When a city conducts a regional or neighborhood-specific community outreach project, visibility and accessibility must be top priorities. In order to maximize reach and response, a city government must allocate all available resources to this purpose, or else run the risk of an initiative conducted in vain should it fail to reach a significant portion of the population. Such projects are either discarded as an expensive
waste of time, or worse yet published as if reflecting a comprehensive view of citizens opinions. Currently, initiatives in the City of Boston and around the nation (see right) are reaching only a tiny percentage of the population affected by a planning process. This may be considered passable in today’s City Halls, yet it is a fundamental failure. Design charrettes and “brown-bag sessions” that are part of these planning processes are often attended only by two or three groups- the suit-clad government officials and their friends, the public meeting regulars whose opinion is heard loud in clear in every meeting and survey, and perhaps a handful of college students of urban planning or architecture. Strikingly missing from engagement events, and likely from surveys and comment periods, are the actual citizens of the area involved.
This is especially true regarding young people and immigrant communities (whose members do not speak English confidently or at all). These groups are most in need of new affordable housing options and most vulnerable to rises in rent. Reaching these groups should be the top priority of community engagement. And in some processes like Go Boston 2030, an effort was made to break the language barrier and to engage with citizens on the street who may not have the established contacts needed to relay input through traditional channels or hear about public meetings. However, whether by lack of knowledge, timidness, or scheduling constraints, the vast majority of young people and recent immigrants do not have their voices heard in even the more accessible initiatives.
Therefore, all resources and funding must directed to designing processes that, above all, prioritize visibility.

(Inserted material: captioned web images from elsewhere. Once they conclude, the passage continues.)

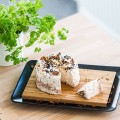 podpuszczka-do-sera-naturalna-w-plynie-50-ml-ser-1.jpg
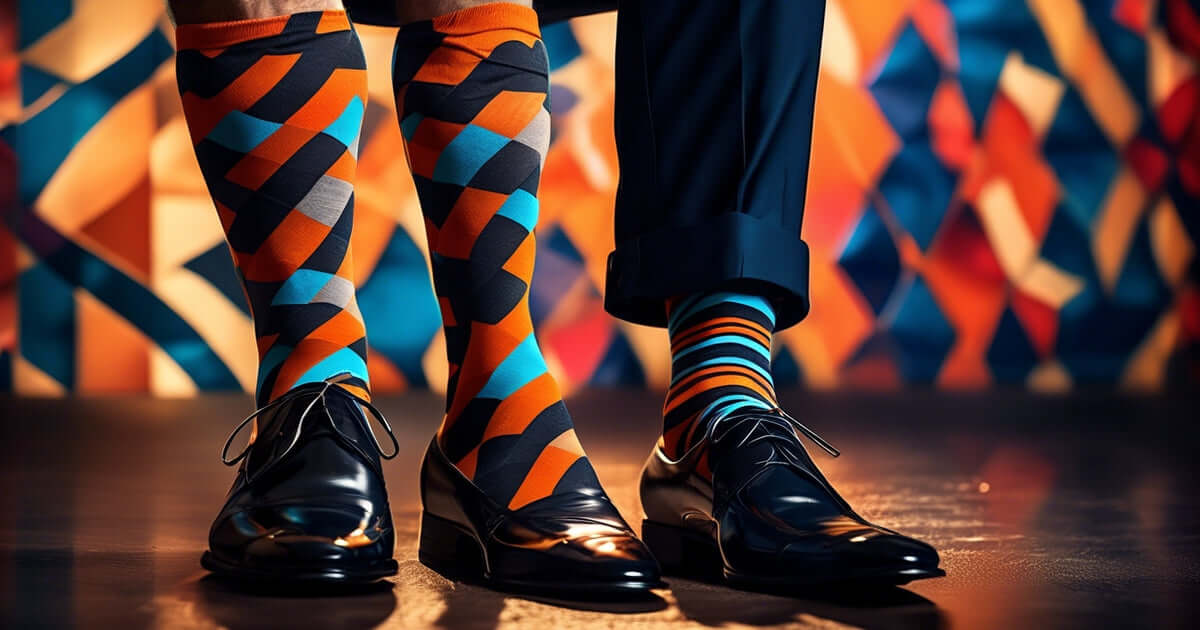Men's Formal Sock Guide Sock Geeks Men's Formal Sock Guide Sock Geeks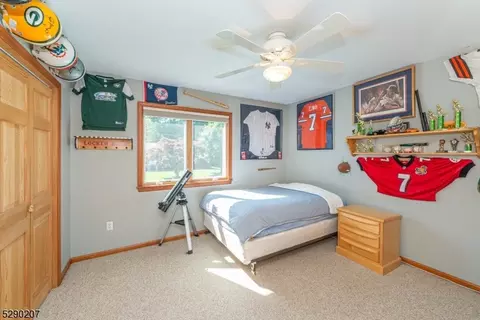 48 Christopher St, Dover, NJ 07801 photo 14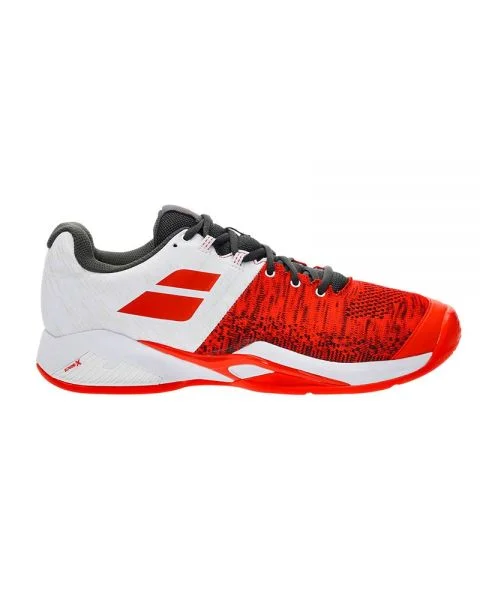 streetpadel-4738225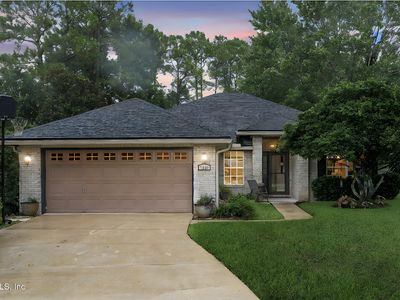 5073 DOUGLAS CREEK Drive, Jacksonville, FL, 32258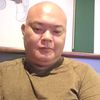 eric.chong18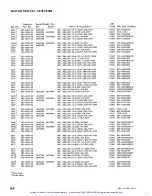 Preview for 43 page of Tektronix 7A18 Instruction Manual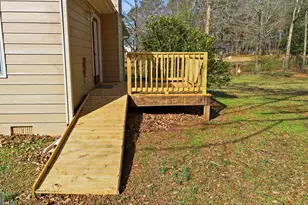 160 Wellington Dr, McDonough, GA 30252 - Photo 35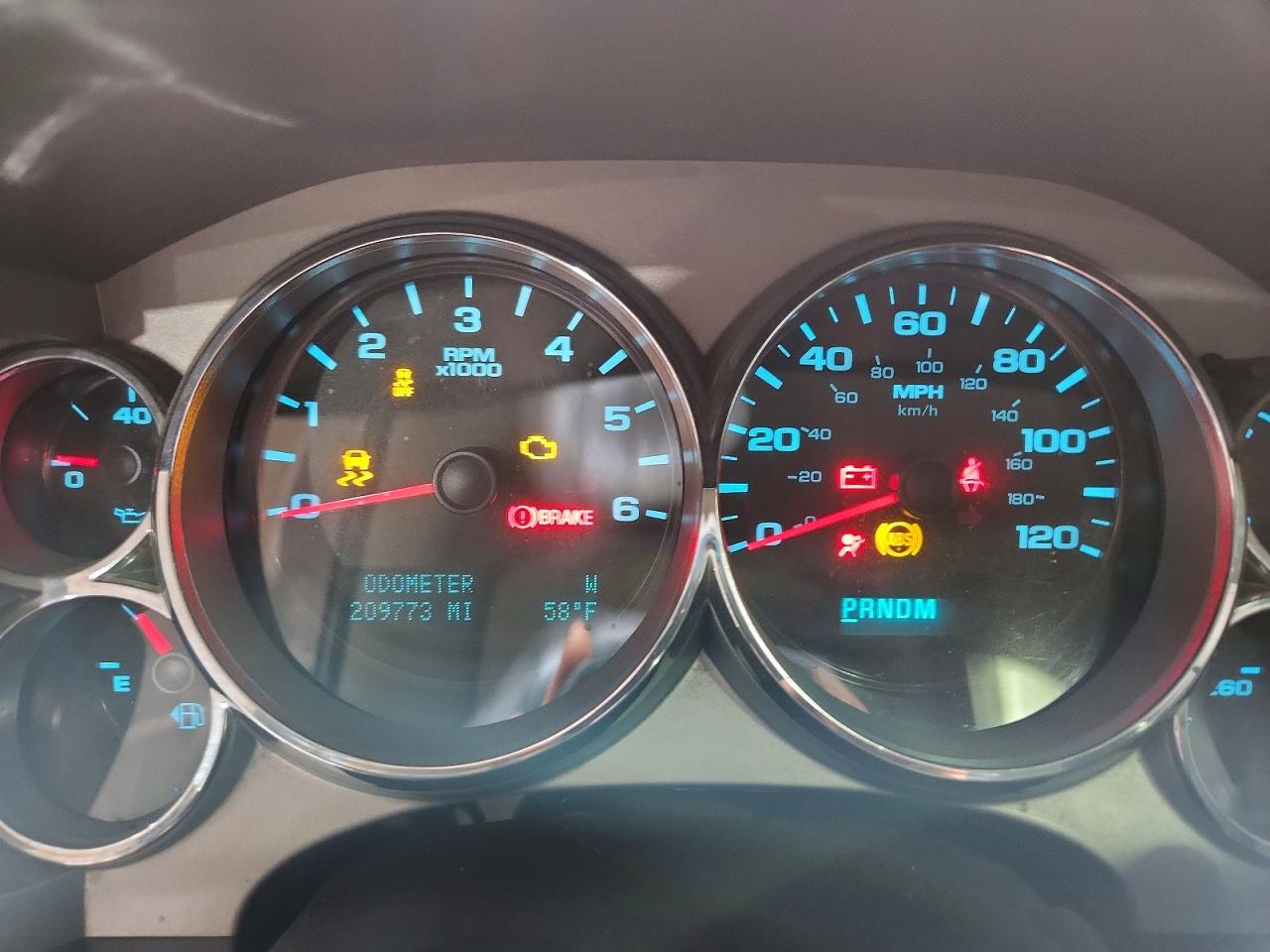 2013 Chevrolet Silverado K1500 Lt White vin: 3GCPKSE71DG132681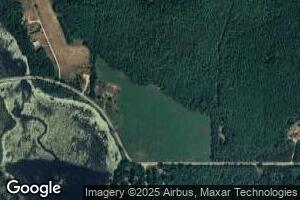 W10422 Geider Rd, Gresham, WI 54128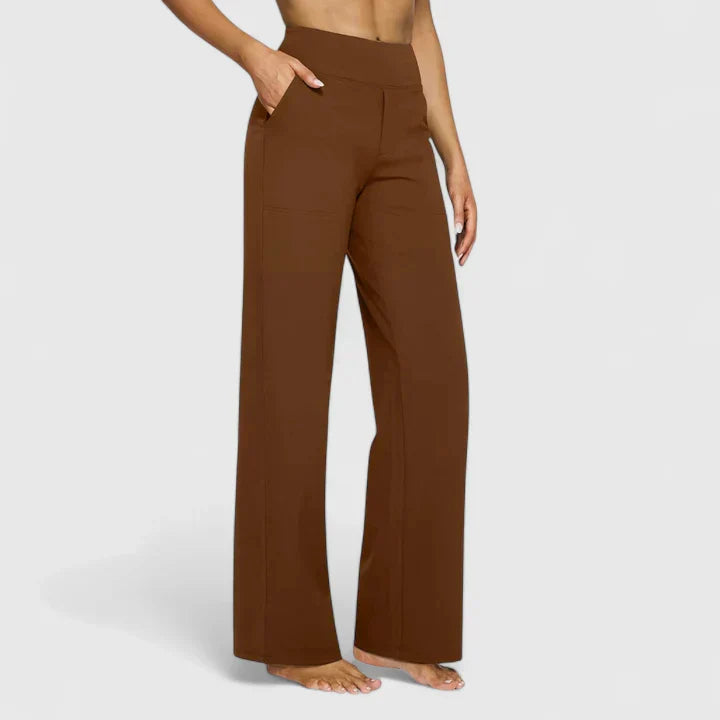 Elegant Trousers
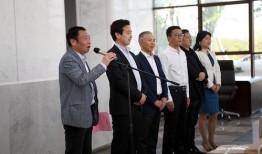 铅山最新爆料新闻事件,神秘事件引发社会关注，真相即将揭晓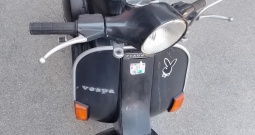 Vespa PX200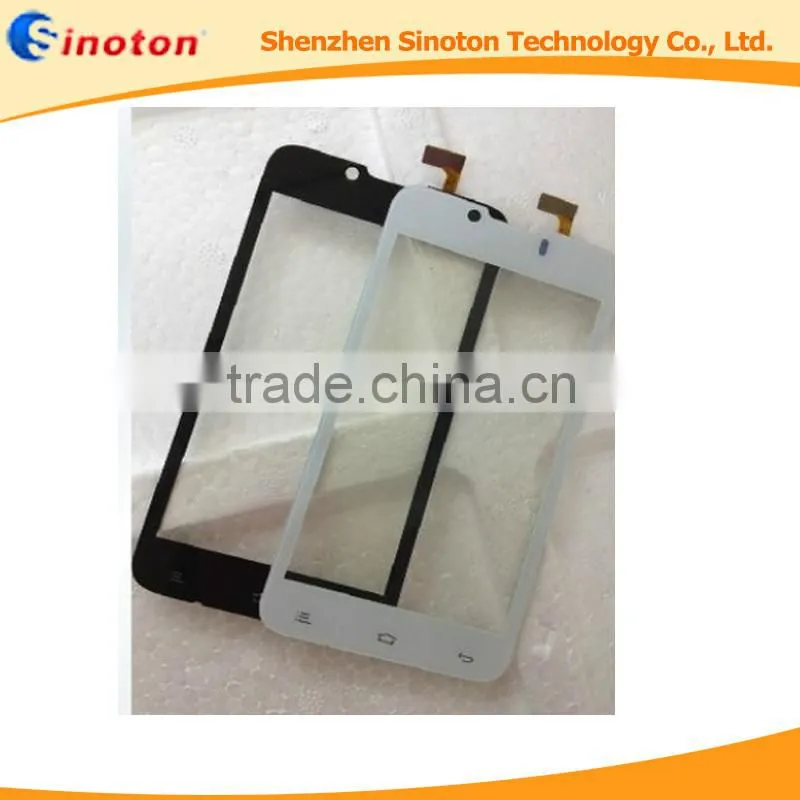Touch Screen Digitizer fits Gionee GN708W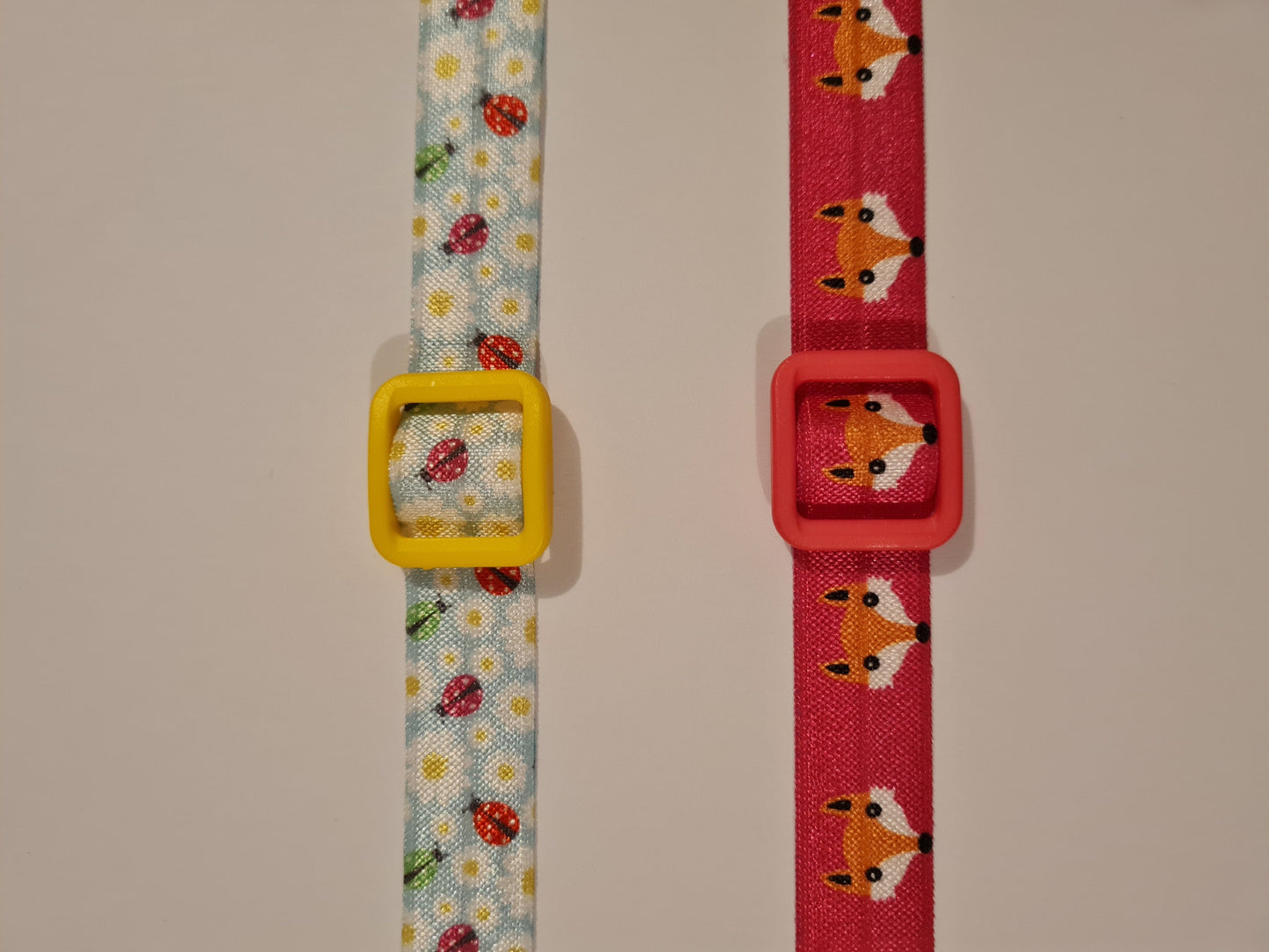 Cordon de maintien pour lunettes pour bébés et enfants sécurité anti perte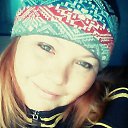 ���� �����, ����, 41 ��� - ��������� 4 ������� 2017 � ������ ���� ����������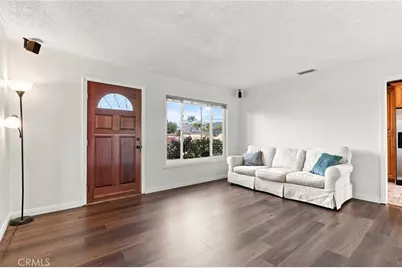 5354 N Fairvalley, Covina, CA 91722 - Photo 6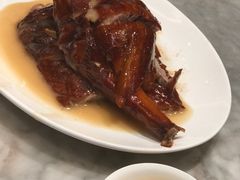 -镛记酒家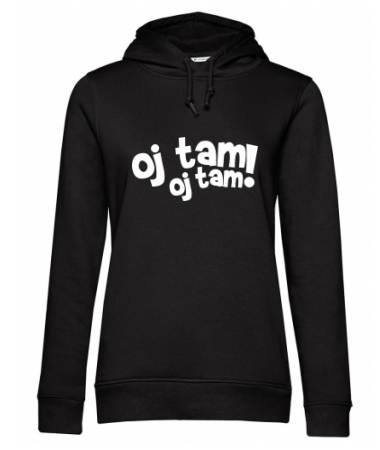 Oj tam, oj tam
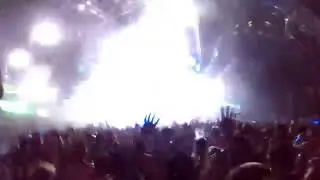 Madeon 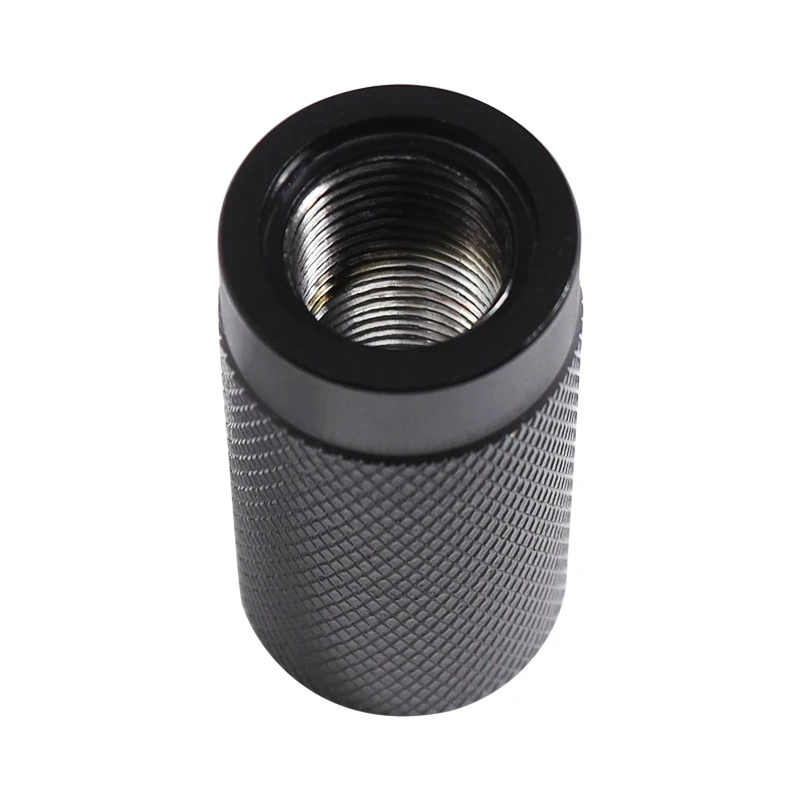 B62B Scuba Diving Air Tank Pressure Checker 5/8-18UNF Regulator Tester for Altaros for Ninja China Regulators
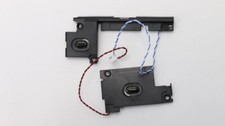 New/Orig for Lenovo thinkpad X260 Built-in Speaker loudspeaker 01AW443 01LV727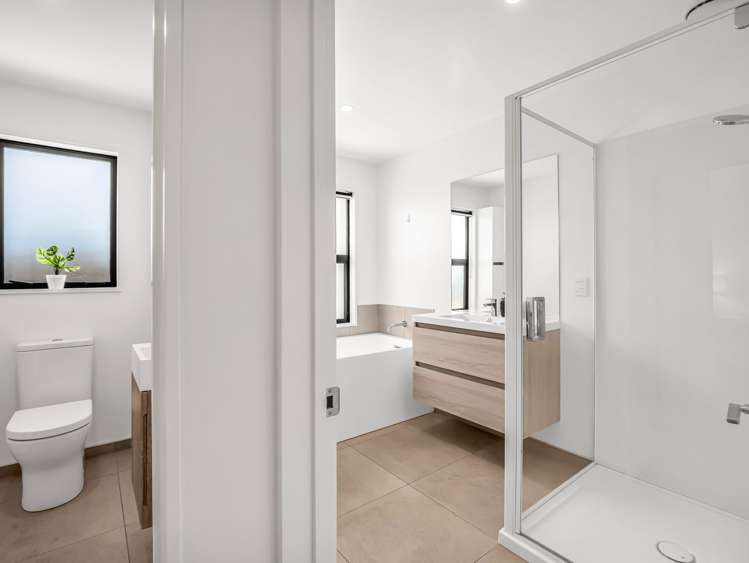 17 Angus Place Rangiora_19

Posters or billboards on busy pedestrian thoroughfares, ads on the subway, postcards on tables at coffee shops- these types of info sources, visible at all times and seven days a week, must be where a large portion of available funds for design and implementation is spent. Hiring a world-class firm to design a plan compiled from public input is a waste of money if the words of the plan do not reflect the the public’s opinion and if no members of the public are actually reading the plan! Additionally, engagement processes which remain tedious and unclear (in Boston, most notably the hidden and confusing comment system for proposed development projects) must be easily accessible by text, Twitter, Facebook, and other forms of communication that may be unique to certain communities (like WeChat and Facebook Messenger for Chinese-Americans).
For governments to truly be transparent and cognizant of their citizens questions, comments, and concerns, community outreach programs must permeate the daily routine of those they are meant to reach. Th
is requires in-depth knowledge of local communities, and long-term (not one-time) outreach and advertising efforts. It is much more than a hard to find link on a city website, more than a 6 p.m. public meeting at City Hall, and even more than working with local community institutions. In order to reach the disenfranchised and most vulnerable whose voice must be heard, engagement must be conducted as people are walking down the street to work or to school, while shopping, while eating, at all times. Residents whose voices must be heard above all others (such as young people and recent immigrants) do not have the luxury to attend public meetings or the clout to access traditional feedback channels. Creative engagement systems like those of Go Boston 2030 (see right) are a start. However, for the City to reach its most vulnerable and most often silent, it must be ready to work towards (and be ready to accept) a small-scale yet permanent process as simple as reading a question on the street, scanning a QR code and sending off a quick reply- all without being late to work.